On Libby’s shelf there were books she borrowed from the library: Spinoza, Fromm, Freud, and Foucault. Sometimes I would open one of them to a random page and try to read a sentence that I didn’t understand. But Libby understood them. She would explain the complex sentences to me in simple words. Libby was the smartest and most modest person I knew. Beneath her black hair was a brain full of information and opinions that she would never show off by saying things like, “I read in an article that . . .” or “It’s funny you would say that, because Viktor Frankl wrote . . .” She always had something smart to say that was original, either the synthesis of a few things she’d read or learned at university, or a sharp, independent opinion that echoes in your head days later.
During family dinners she was usually quiet and listened. I got to hear her intellectual insights later on, alone on the balcony, while smoking a hookah. After the main course, she would catch my eye, turn her head to the side, as if saying, “Should we go?” and we’d go sit on the balcony. She’d prepare the hookah tobacco as quickly as a Bedouin nomad in the Sinai Desert. She only smoked when she had guests or when she was sad. She preferred it to comfort food − at least, that’s what she told me once when we talked about her weight. This was the only topic she wou
ld ask for advice about, instead of giving it.
“How do you live with this duality?” Libby asked me the day after Donna had asked me the same question. We met at my aunt and uncle’s house in Afula and, unlike Donna, she demanded an answer. The smoke from the hookah filled her parents’ balcony. I told her that in the morning I study military history, and at night I put on my uniform and go on operations to arrest wanted terrorists.
“Okay, so you told me what you do,” she said, letting out a cloud of smoke and passing the pipe to me. “But I didn’t hear how you live with what you do.”
“I live well,” I answered. It’s a good thing she didn’t ask me how Donna lives with it.
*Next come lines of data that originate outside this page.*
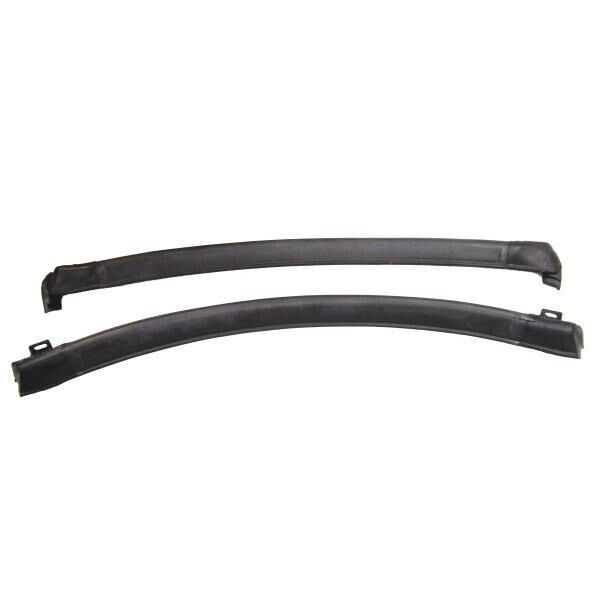 T-Top Roof Side Rail Weatherstrips 1978-88 2dr Buick Chevrolet Oldsmobi Pontiac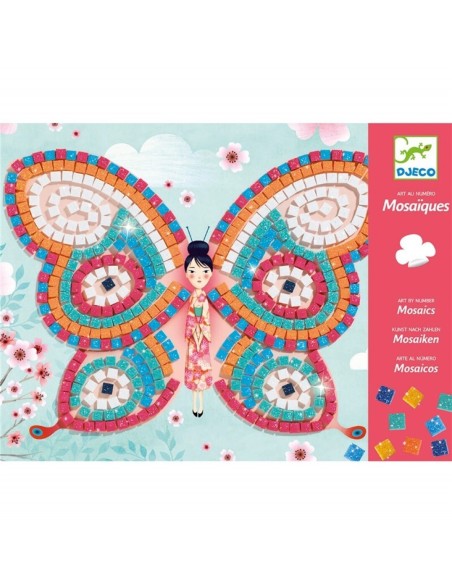 MOSAICOS DE MARIPOSA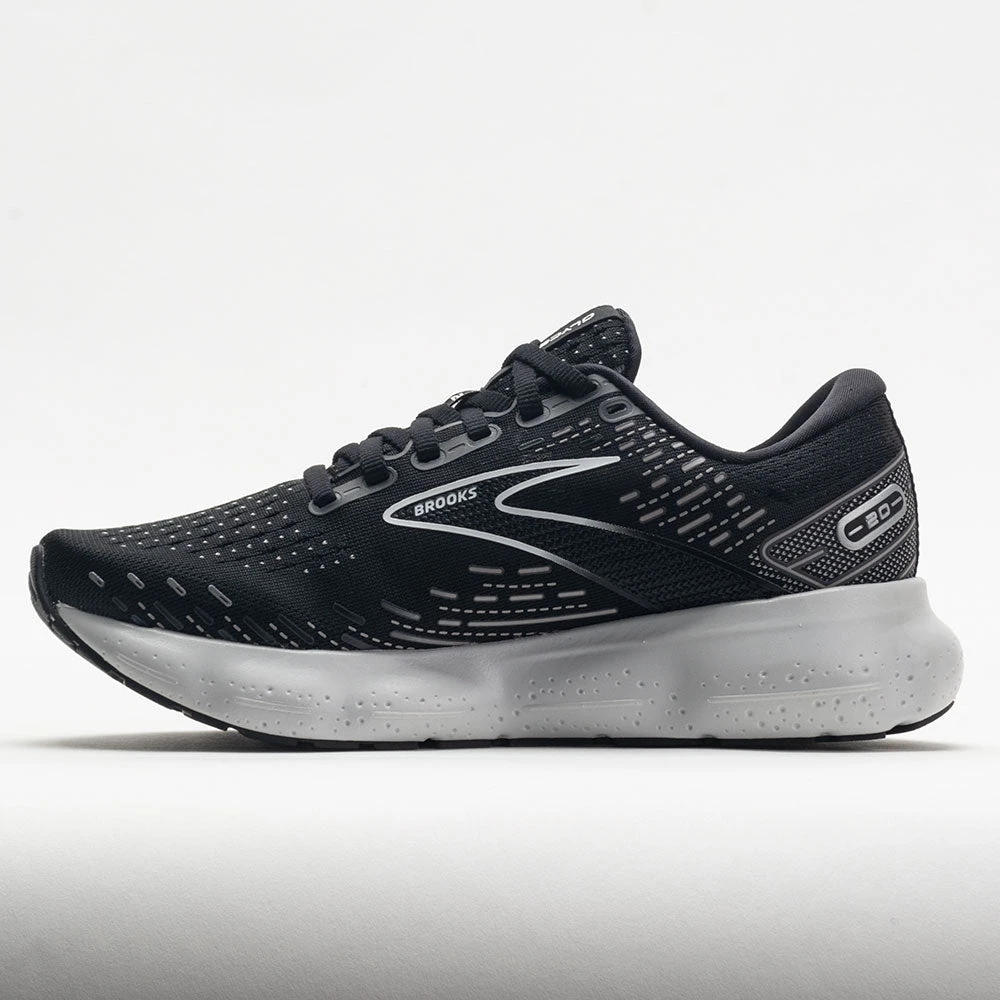 Brooks Glycerin 20 Women's Black/White/Alloy 4 Brooks Glycerin 20 Women's Black/White/Alloy - Image 2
It’s not easy living with a centaur.
“What did you say the name of the course you did at the ISA is?” she said, giving me a serious look. The wrinkle between her eyebrows was larger than I recalled.
“It’s called the Unified Security Course.”
“Don’t you see the irony?”
“What?”
“The course that is splitting up your life is called ‘unified.’”
“It’s like psychos studying psychology.”
“Aren’t you sick of being involved with this endless occupation?” she continued.
“Like you, I also thought I knew everything about the conflict,” I said, and took the hookah pipe that she had been hogging. “The cliché is true: the more you know, the less you understand.”
Half a year of field work for the ISA taught me what years at university could not. The more I learned, the more confused I became. Doubt undermined any conclusion I reached. The knowledge that I gained distanced certainty from me. The course in evolution blew my mind. How could this have happened without divine intervention? At the same time, the course on genocide contradicted this and convinced me that God was not interested in insignificant matters like humans. As I acquired more knowledge, I realized that no one would be able to convince me whether there was a director for this play we’re in. I passed the pipe back to her.